Had the Planning Commission come out with its latest poverty numbers a week ago, the Budget may have been quite different; instead of focusing on subsidies as a means to alleviate the sufferings of the poor, it would have focused on stimulating economic growth as a means of greater inclusion. For that’s what the poverty data shows. Though India’s poverty data overstates poverty because it underestimates consumption (by around 55%!), the data shows poverty levels fell by 2.33% per annum between 1993-94 and 2004-05 (from 47.8% to 37.1%) and this rose to 4.5% per annum between 2004-05 and 2009-10, the years of the highest GDP growth in the country—indeed, since 2009-10 was a drought year, chances are the fall in poverty would be much higher in 2010-11.

Though the Planning Commission hasn’t put out sufficient data to analyse the impact on different socio-economic groups, analysis by Sukhadeo Thorat and Amaresh Dubey (‘Castes of mind’, http://www.indianexpress.com/news/castes-of-mind/893639/0) shows that poverty levels have fallen the fastest for the more disadvantaged groups. Poverty levels for STs fell by 1.1% per annum between 1993-94 and 2004-05 but by 5.1% between 2004-05 and 2009-10; poverty levels for SCs fell by 2% and 4% in the two periods; and for Muslims, the relevant numbers are 2.1% and 5.8%, respectively.

Obviously, agricultural growth made a difference, and Bihar’s patchy agricultural growth (it fell 15.4% as compared to an all-India growth of 0.2% in 2009-10) is probably responsible for its stubborn poverty level despite its decent GDP track record.

Equally interesting, however, is the impact of urbanisation. A study by Anirudh Krishna and Devendra Bajpai (Economic & Political Weekly, September 17, 2011) finds that, from 1993-94 to 2004-05, poverty levels fell fastest for villages that were closer to towns and rose for those far away.
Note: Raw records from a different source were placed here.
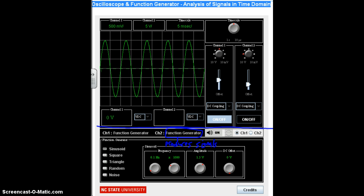The function generator produces signals. Up above the blue line is the oscilloscope, and the oscilloscope only views signals. Whenever you're looking at the oscilloscope, all you're doing is viewing the signal in a different way — you're not creating a signal with it. So the function generator produces the signal, and the oscilloscope views the signal.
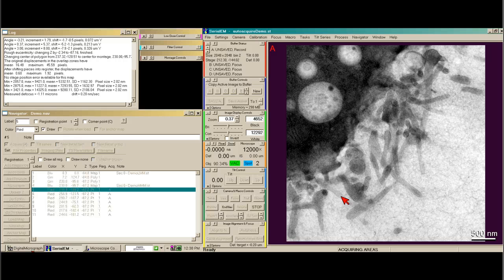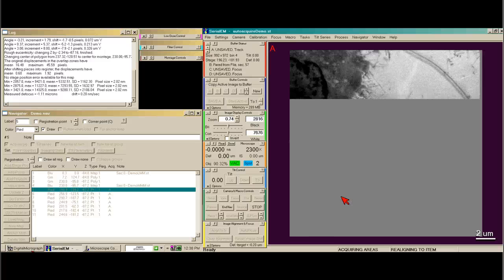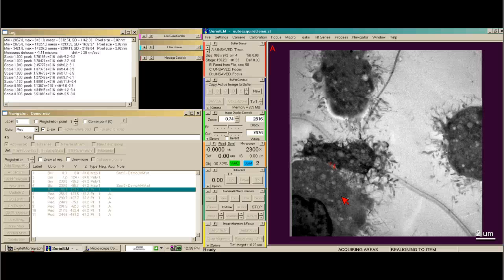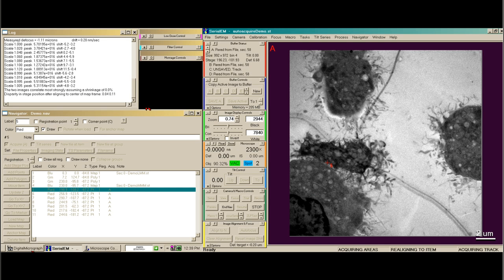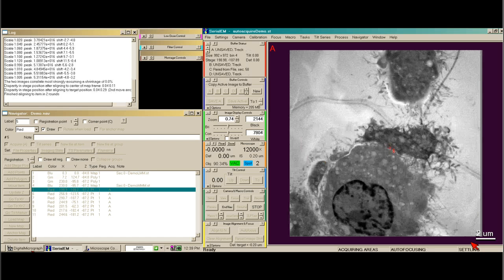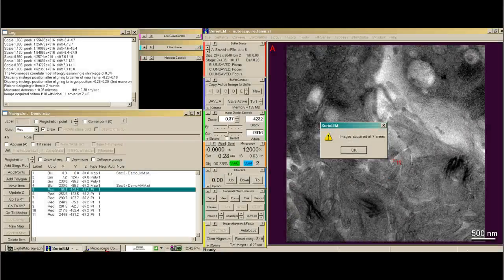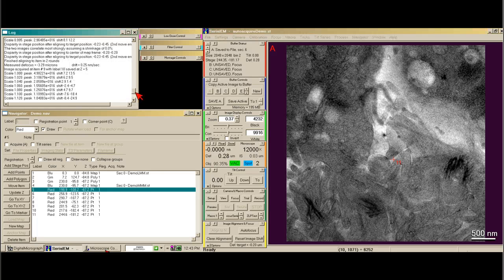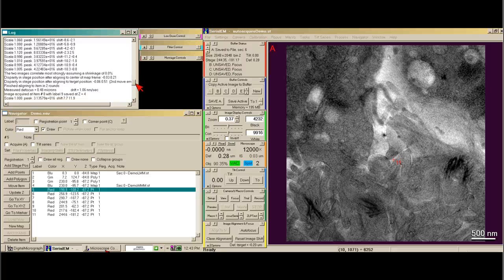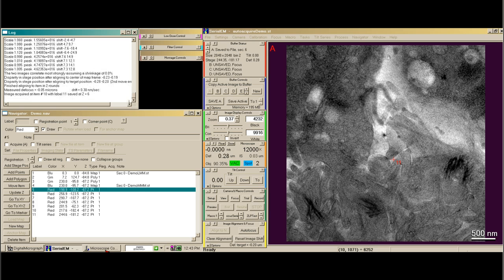Now it's going to go to position 5, go down to low mag at the same mag used for the MMM map, take a series of images, re-center it, and display all the information in the log window. Then it goes up in mag, autofocuses, and takes a record image and saves it. All areas have been acquired — you'll see in the navigator box all the A's have left. In the log window there's information about the shift required to get to each position, and it's saved item number 8 with label 9 at Z equals 4. All the information is in your log file.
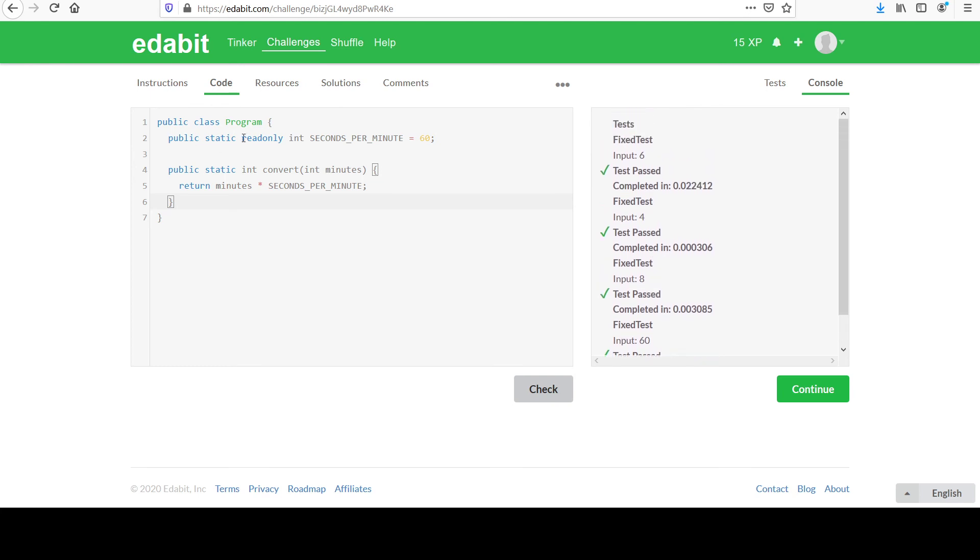I called this a constant. It essentially is, but this readonly keyword gives you a chance to modify the value in the constructor of a class, whereas a constant is always the value you initially set it to.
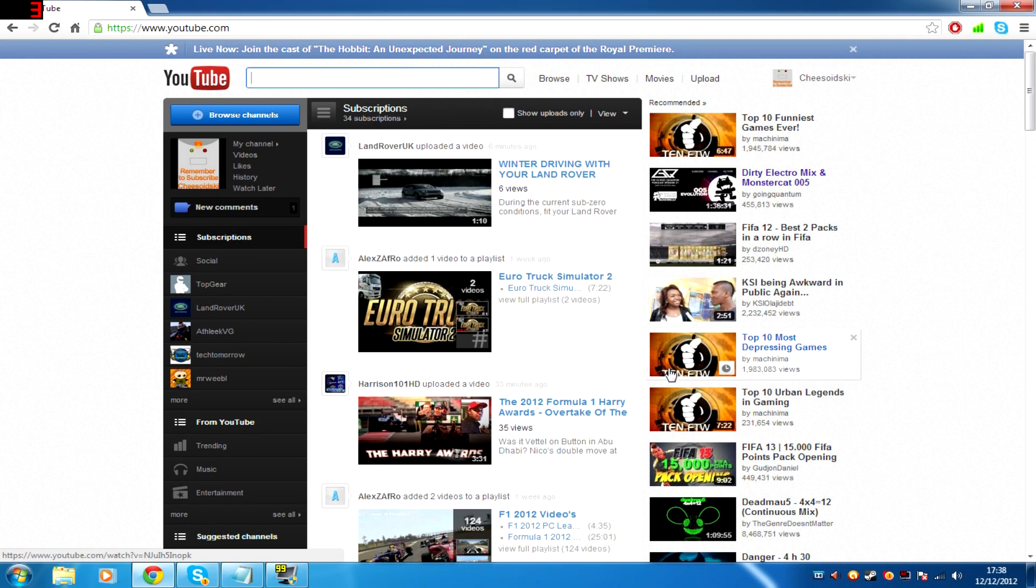So yeah, thanks. If you found this video tutorial thing useful, make sure to comment, rate, and subscribe. And this bit has been another short YouTube tutorial by Chidoitsuke.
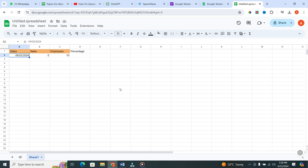Imagine you have a Google Sheet with two columns - one for sales and another for employees. You've got numbers listed under each of these columns, and you want to calculate the percentage of sales per employee. Sounds tricky? Don't worry, it's simpler than you think.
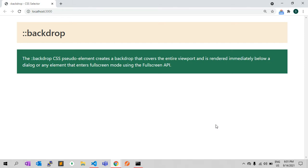In a previous video I explained attribute selectors in CSS with a few examples. In this video I will explain the backdrop CSS pseudo-element. The backdrop CSS pseudo-element creates a backdrop that covers the entire viewport and is rendered immediately below a dialog or any other element that enters full screen mode using the full screen API.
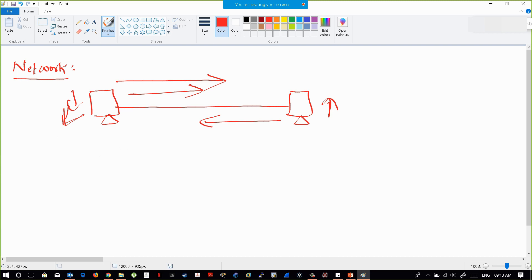The simple definition of a network is: a connection between two or more devices which are able to communicate or able to share data. Only then are those devices said to be in a network.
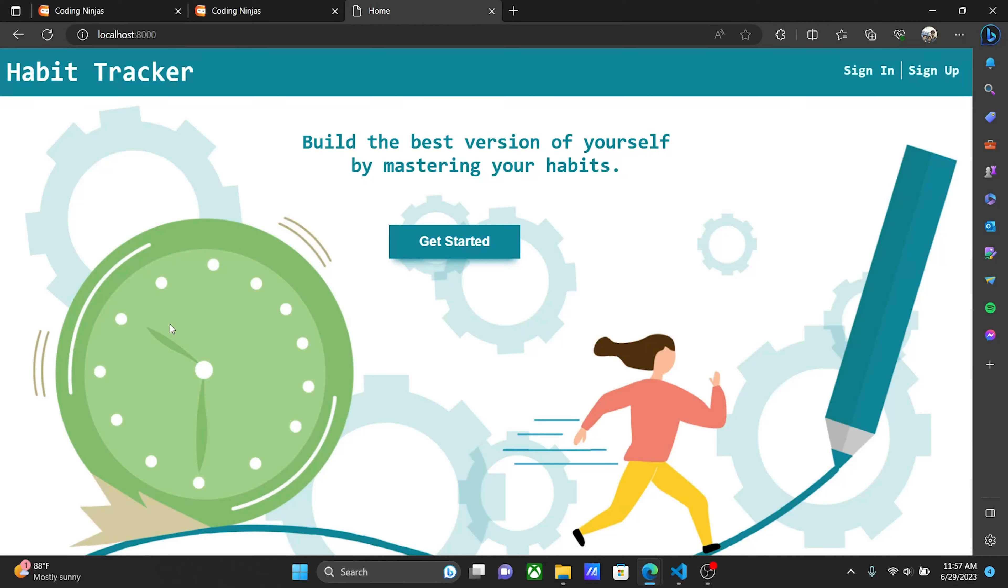Hello everyone, my name is Praday Krishna Paramanik and you're watching PK Codex. Today we are making a habit tracker project using Node.js, MongoDB, EJS, and JavaScript.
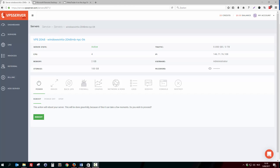Hello guys, Gus from Belgium again. In this second small video I will show you how you can easily log into the VPS. In the previous video we have created a VPS on VPSserver.com. Once that is done you can log into it.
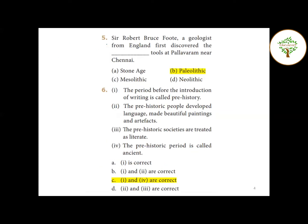Fifth question: Sir Robert Bruce Foote, a geologist from England, first discovered tools at Pallavarum near Chennai. What type of tools were these? The answer is Paleolithic tools - Option B.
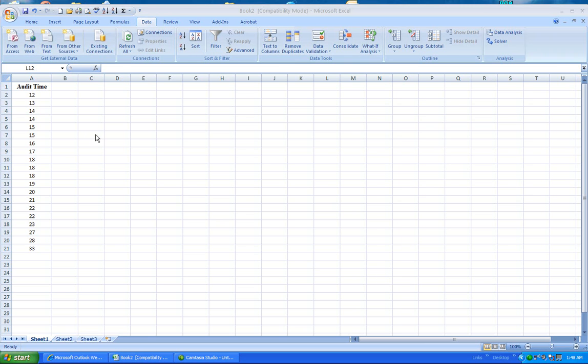Here we have the audit time variable. We have several 20 observations and the data values are recorded here.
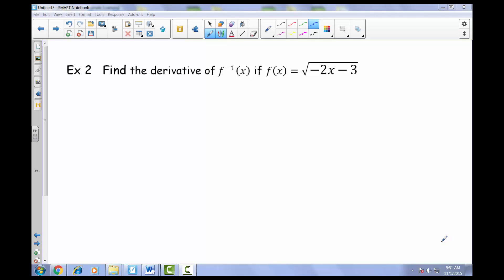Here we are at example 2 from our 3.3 set of notes. We're asked to find the derivative of the inverse of this function, f of x, which we know is the square root of negative 2x minus 3. I'm going to show you two different ways — the textbook way and the way I learned it in college — so whichever method works for you, use that.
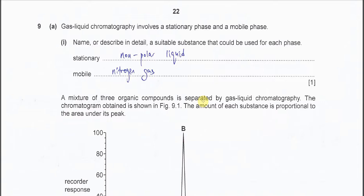Question 9a. Gas-liquid chromatography involves a stationary phase and a mobile phase. Part 1: name or describe in detail a suitable substance that could be used for each phase.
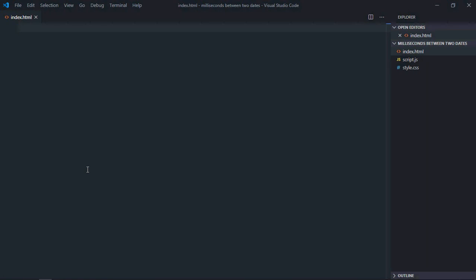Hi everyone, in this video we will learn how to get the number of milliseconds between two dates in JavaScript. Let's get started. Let's have a basic HTML structure here.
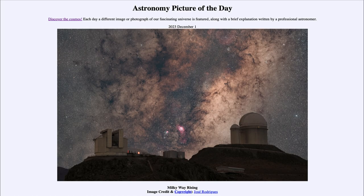Greetings and welcome to the introduction to astronomy. One of the things that I like to do in each of my introductory astronomy classes is to begin the class with the astronomy picture of the day from the NASA website, that is apod.nasa.gov/apod. Today's picture for December 1st of 2023 is titled Milky Way Rising.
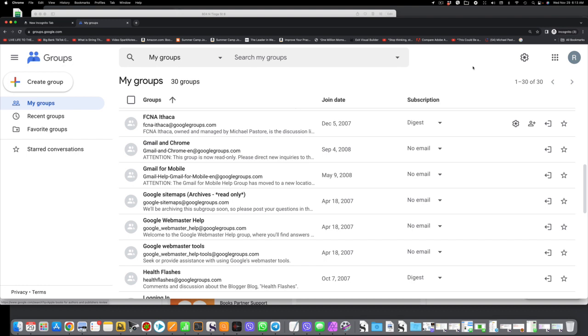And to the left of that is a square with nine dots that shows all the different Google Apps, which is kind of extraordinary. And then to the left of that, but still in the upper right-hand corner, there's a gear, and this gear is the settings for this particular page.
Not enough analysis of this sort has been done for 2009-10 data, but states that have fared badly—Bihar and UP—have the lowest levels of urbanisation (11.3% for Bihar and 22.8% for UP) compared to those that have done well like Maharashtra (45.23% urban). In which case, more than the MGNREGA that some NAC members believed made all the difference (it was hardly even rolled out then!), it is probably more road building and urbanisation that played a larger role. That, and the fact that the economy was doing well—as a result, between 2004-05 and 2009-10, wages for casual female workers in rural areas, NSS data shows, rose 14.6% per annum as compared to just 3.5% per annum in the 1999-2000 to 2004-05 period. Hopefully someone in the NAC will see the writing on the wall.